Par la foi, nous tenons ferme. Par nos résolutions, nous chutons.
La foi est la victoire qui triomphe du monde. C’est par la foi que la chair
peut être dominée et les désirs charnels maîtrisés.
En vérité, c’est simplement par la foi que nous recevons
l’Esprit de Christ, qui produit en nous le vouloir et le faire, selon Son
bon plaisir. Il répand Son amour dans nos coeurs, en enflammant
le nôtre. Chaque victoire sur le péché est remportée
par la foi en Christ. Si nos pensées s’écartent de Christ,
si nous prenons des résolutions, si nous luttons contre le péché,
consciemment ou non, nous agissons par nos propres forces. Nous rejetons
l’aide de Christ, et nous sommes profondément séduits. Seules
la vie et l’énergie de l’Esprit de Christ en nous peuvent nous sauver
du péché.
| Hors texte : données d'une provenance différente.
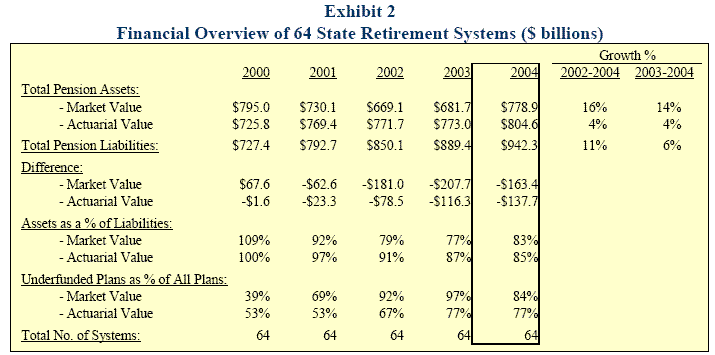 FINANCIAL OVERVIEW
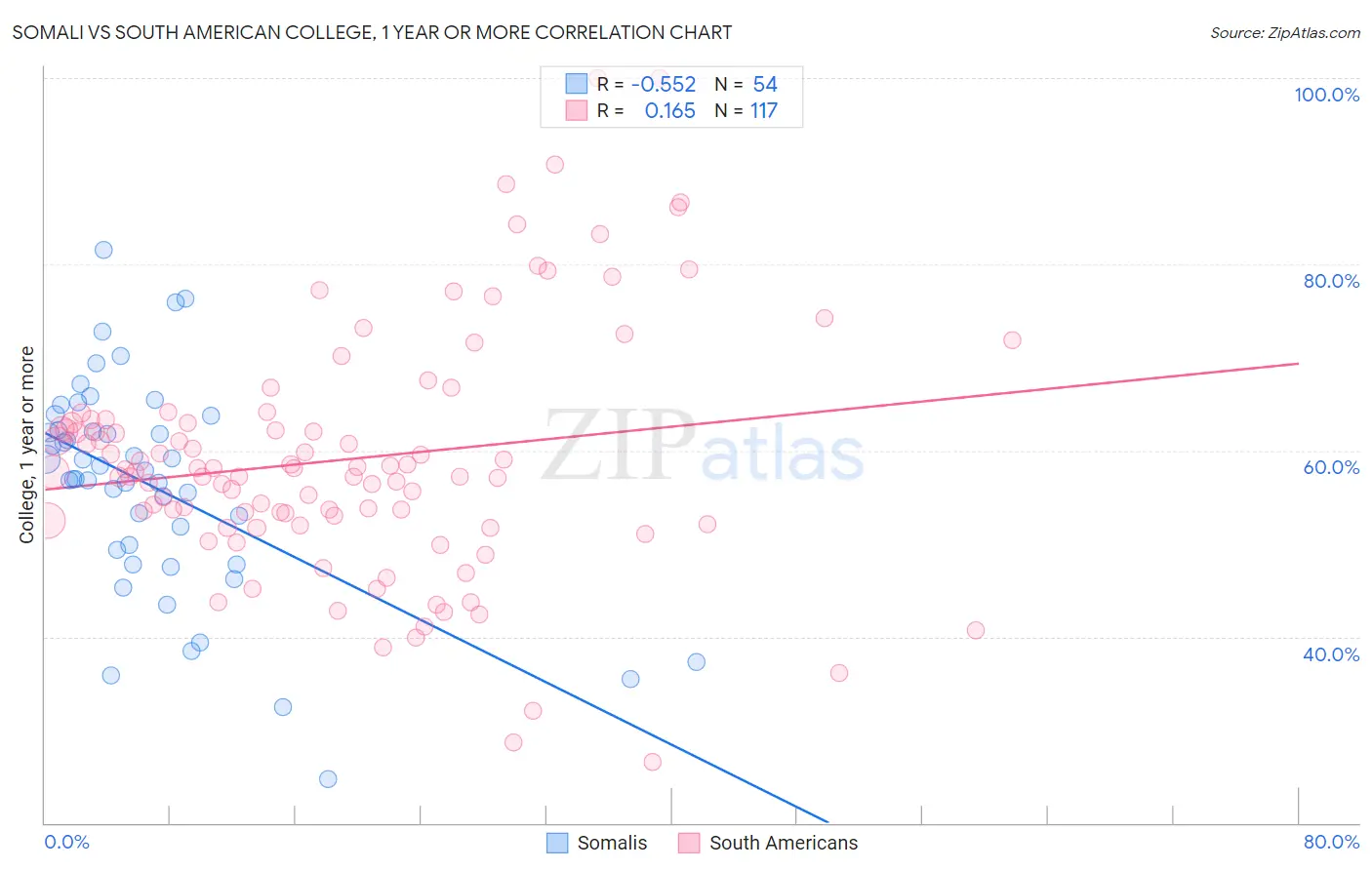 Somali vs South American College, 1 year or more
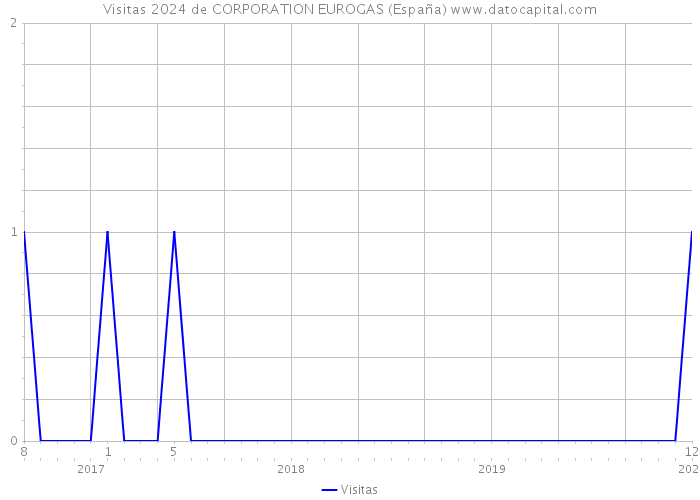 Visitas 2024 de CORPORATION EUROGAS (España) 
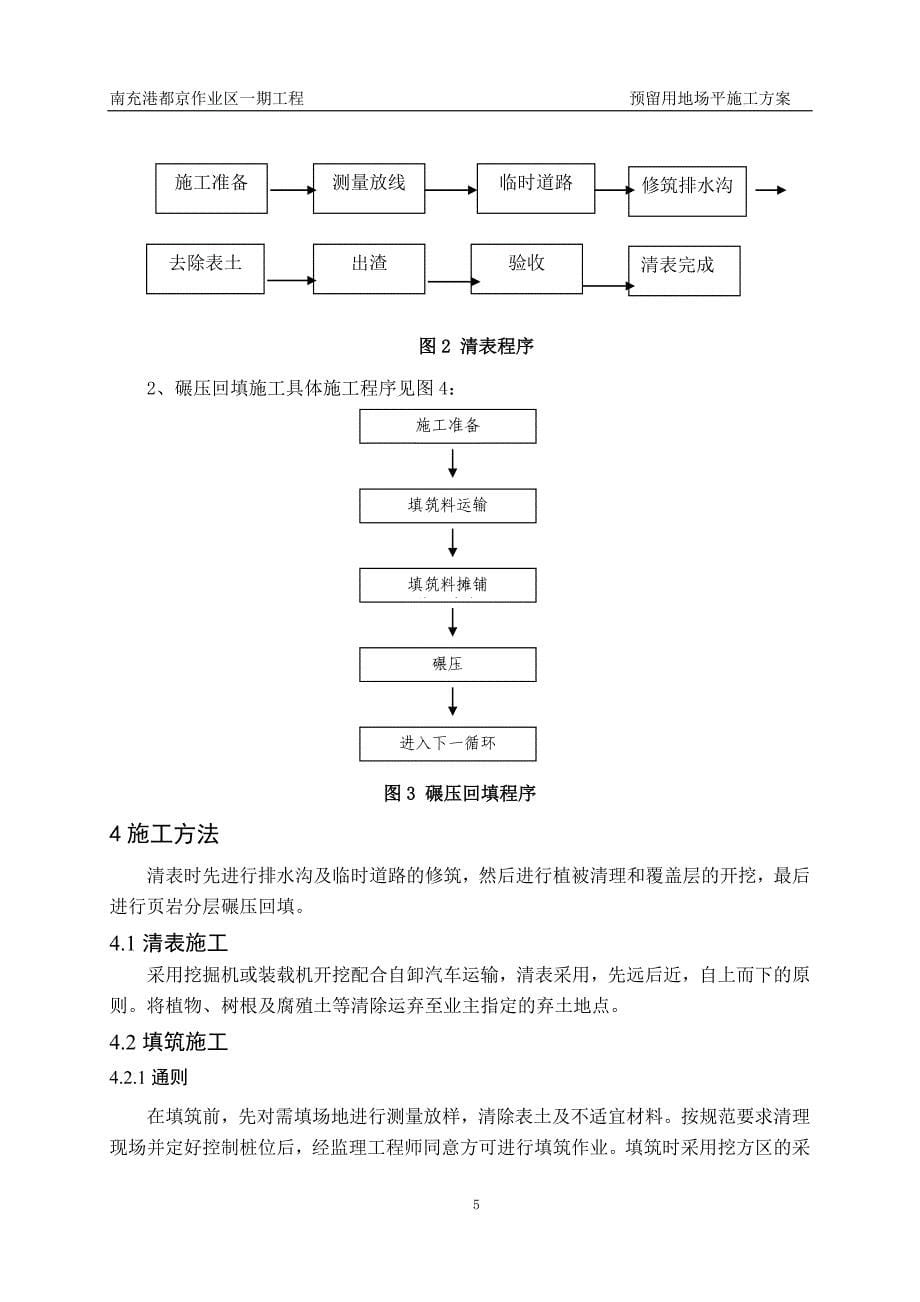 预留用地平阳场施工方案_第5页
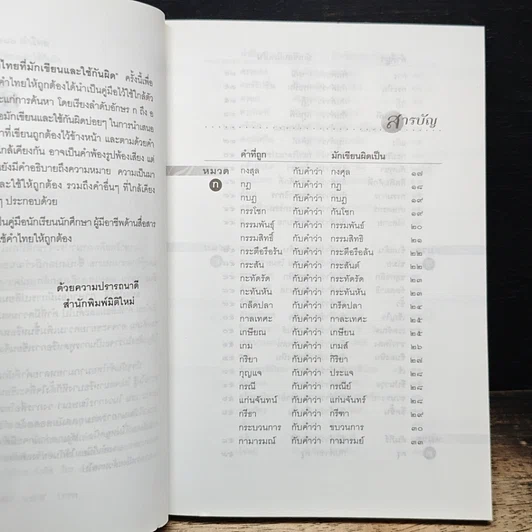 หนังสือ 280 คำไทยที่มักเขียนและใช้กันผิด รูปที่ 7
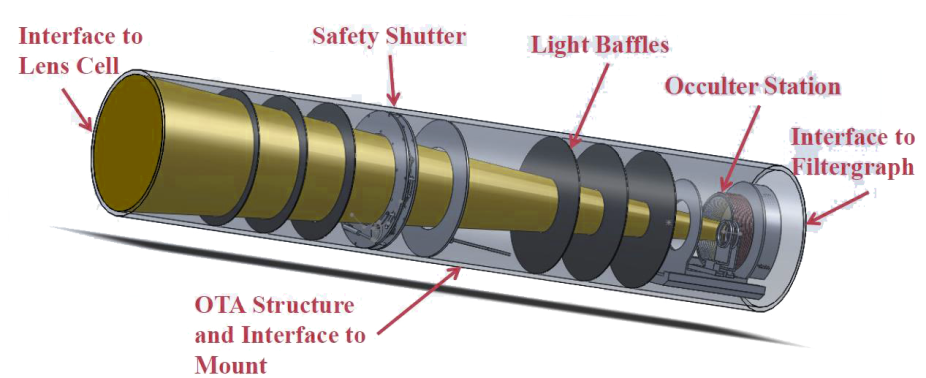 Optical Tube Assembly (OTA)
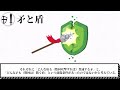 【全解説】全てのパラドックスを16分で解説（パート1）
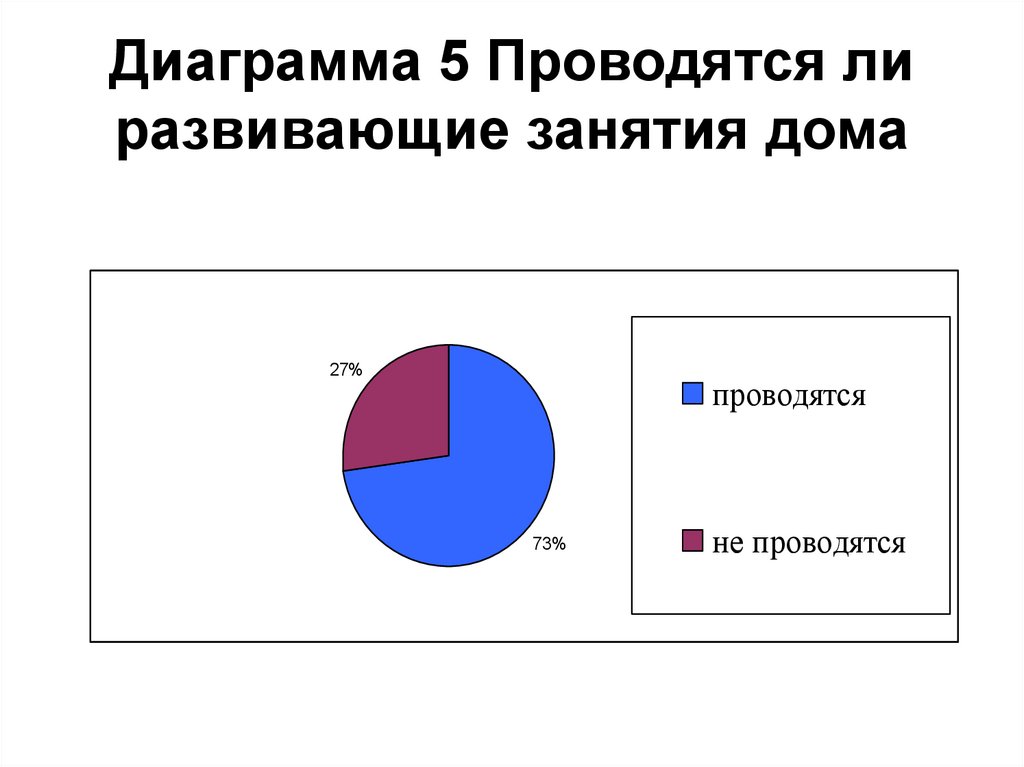Диаграмма 5 Проводятся ли развивающие занятия дома
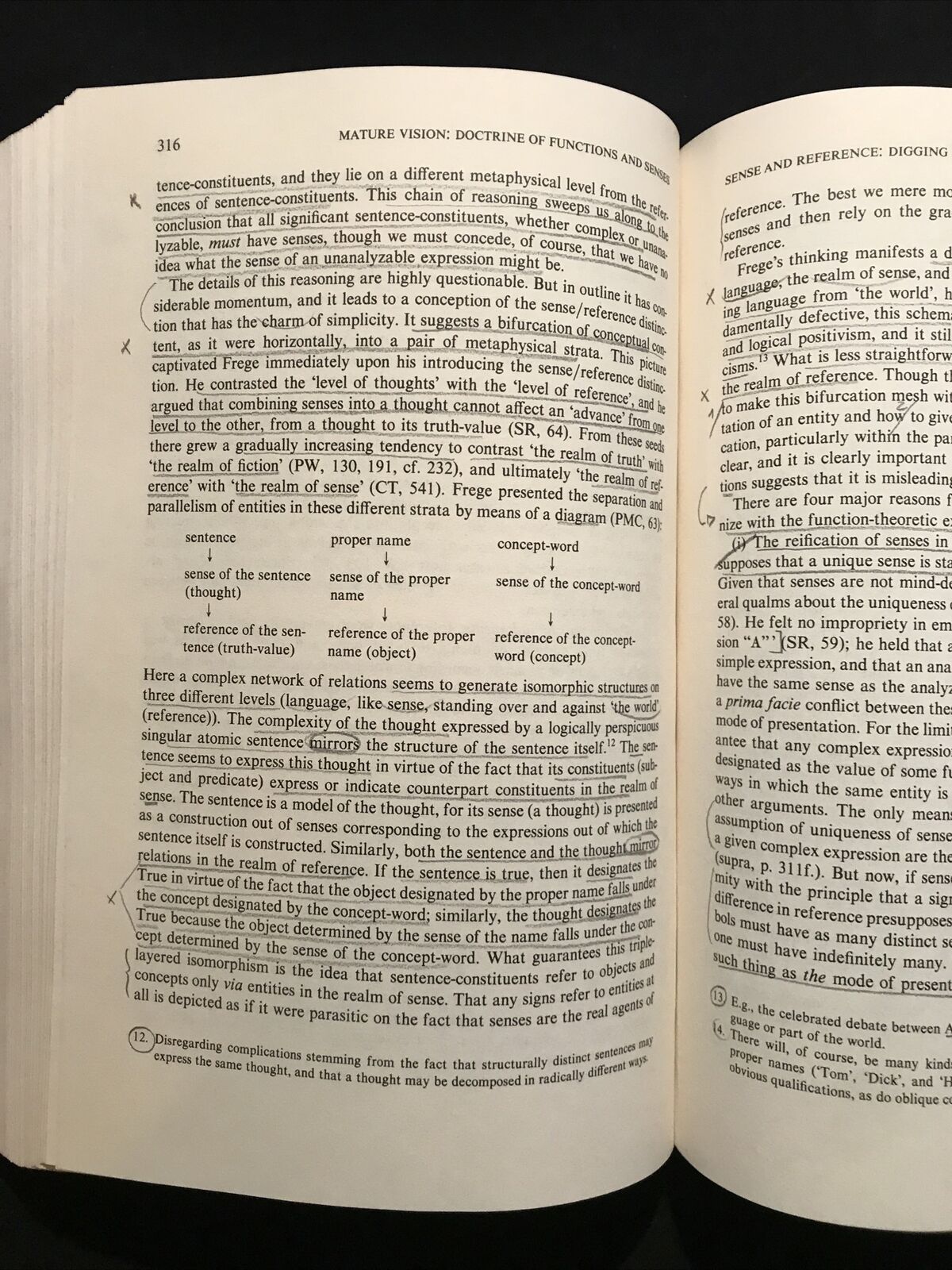 Frege: logical Excavations. G. P. Baker, P.M.S. Hacker #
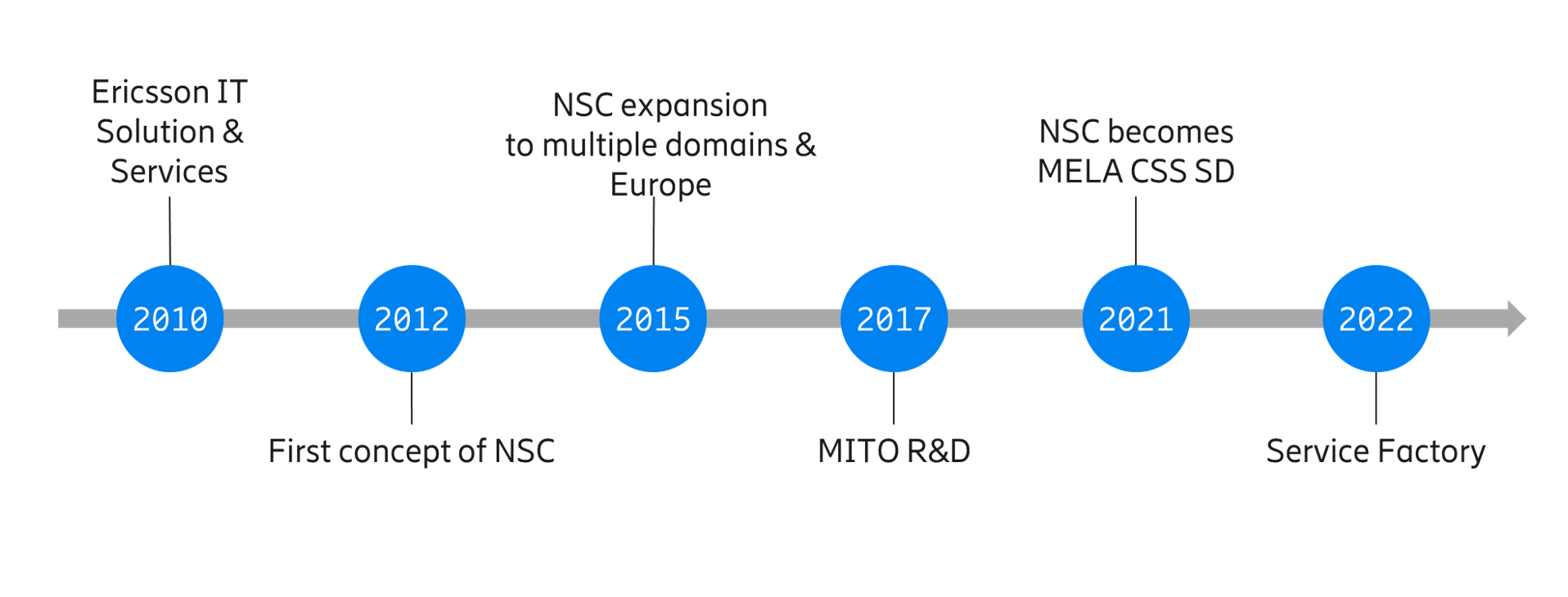 Near Shore Center (NSC) graph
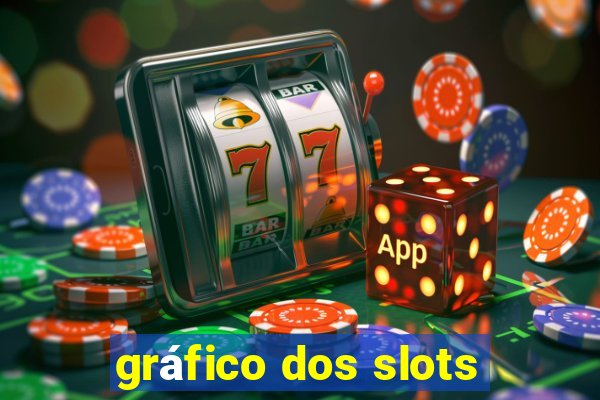 gráfico dos slots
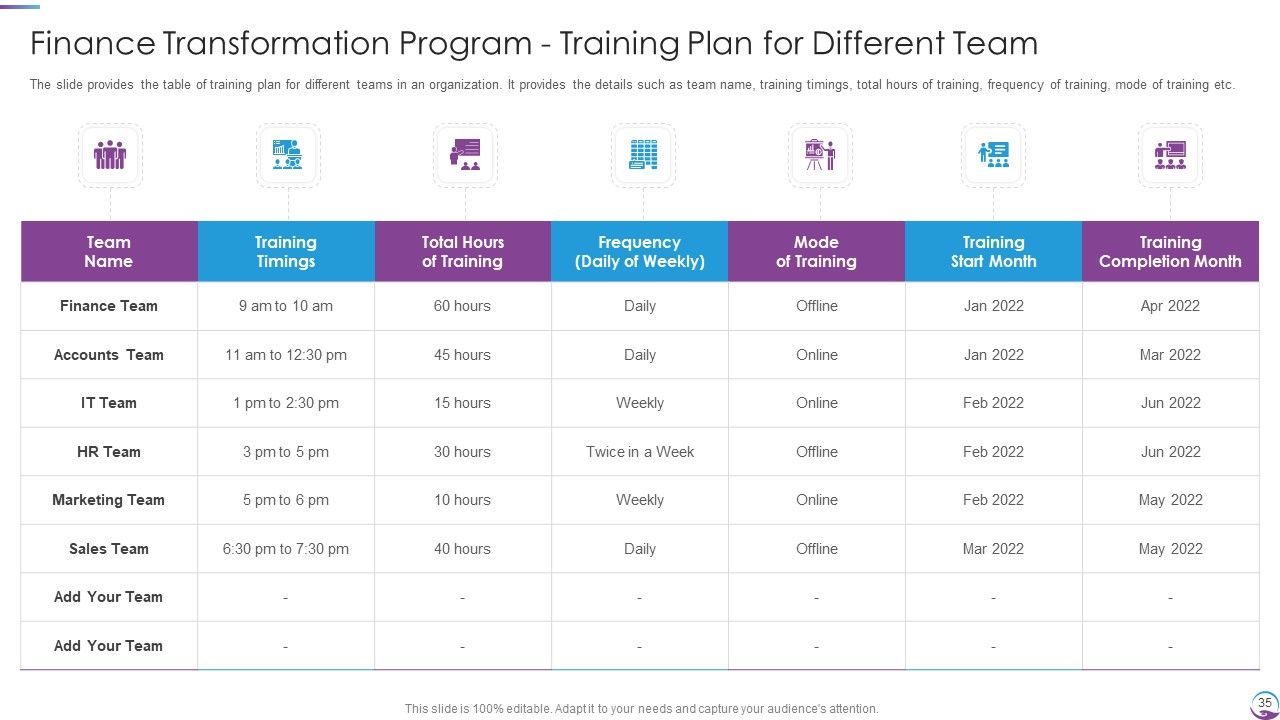 Executing Finance Transformation Plan To Restructure Accounting Processes Ppt PowerPoint Presentation Complete With Slides Slide35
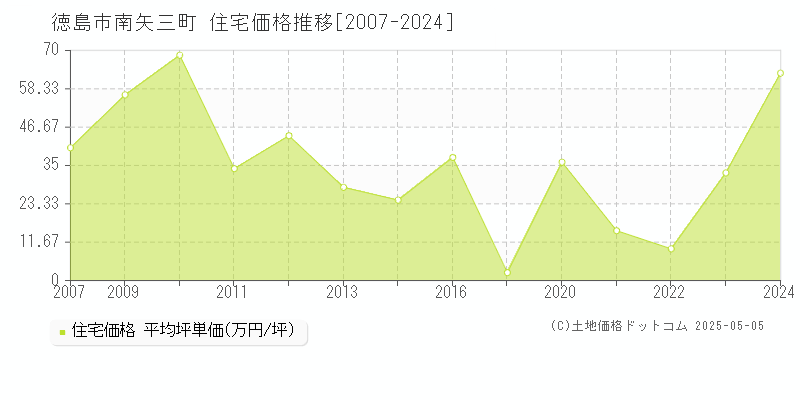 南矢三町(徳島市)の住宅価格推移グラフ(坪単価)[2007-2024年]
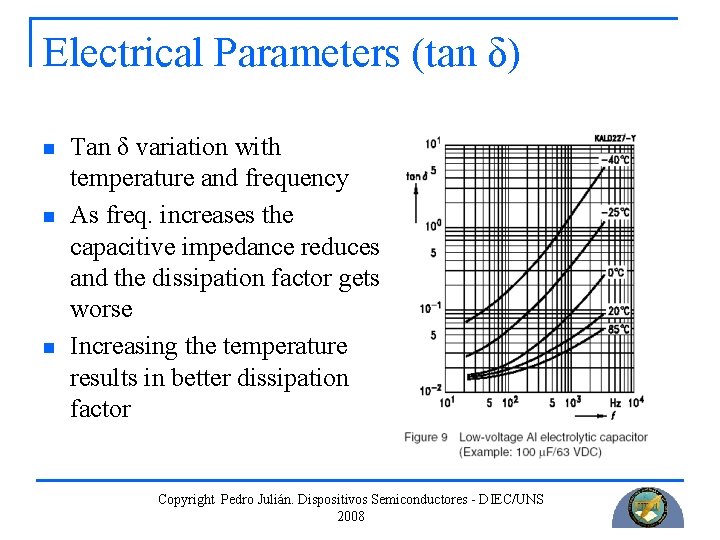 Electrical Parameters (tan δ) n n n Tan δ variation with temperature and frequency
Cette énergie salvatrice en nous ne peut
agir que par la foi. Combien de temps ceux qui enseignent l’Evangile négligeront-
ils cette réalité,
tout au moins de manière pratique ?
Jusqu’où s’enfoncent donc
dans le coeur de l’homme les racines de la propre justice et de la confiance
en soi ? Elles sont si profondes que l’une des leçons les plus difficiles
pour un être humain est d’apprendre à renoncer à la
confiance en soi pour
s’en remettre entièrement
à Christ. Quand nous Lui faisons pleinement confiance et que nous
Lui ouvrons la porte, Il entre et fait en nous Sa demeure. Il répand
en nous Son amour et vivifie toute notre âme, qui vibre à
l’unisson avec Lui. Il purifie
notre coeur par la foi, comme Il
l’entend, et seulement comme Il l’entend. Il maintient notre volonté
dans une attitude d’adoration. Il vivifie et contrôle nos affections,
nos désirs, nos appétits et nos passions. Il devient notre
sanctification.
Hélas ! A cause de son aveuglement
qui la déroute complètement, l’âme languit après
sa délivrance de la puissance du péché. J’ai souvent
entendu des enseignements légalistes sur ce sujet, jusqu’au point
où j’avais envie de hurler ! Je suis parfois
stupéfait d’entendre des
chrétiens critiquer l’enseignement que j’expose dans cet article,
sous prétexte qu’il nous conduit dans un état de passivité,
où nous recevons le salut sans exercer aucune initiative. Quelles
ténèbres dans une telle objection ! La
Bible enseigne que nous recevons,
par la foi en Christ, une influence intérieure qui stimule et dirige
toute notre activité. C’est par la foi que nous recevons Son influence
purificatrice, jusqu’au coeur de notre être. La vérité
qu’Il révèle directement à notre âme donne la
vie à tout notre être intérieur, et nous place dans
une attitude d’obéissance de coeur. C’est la seule manière
de vaincre le péché ! Il n’y en a pas d’autre !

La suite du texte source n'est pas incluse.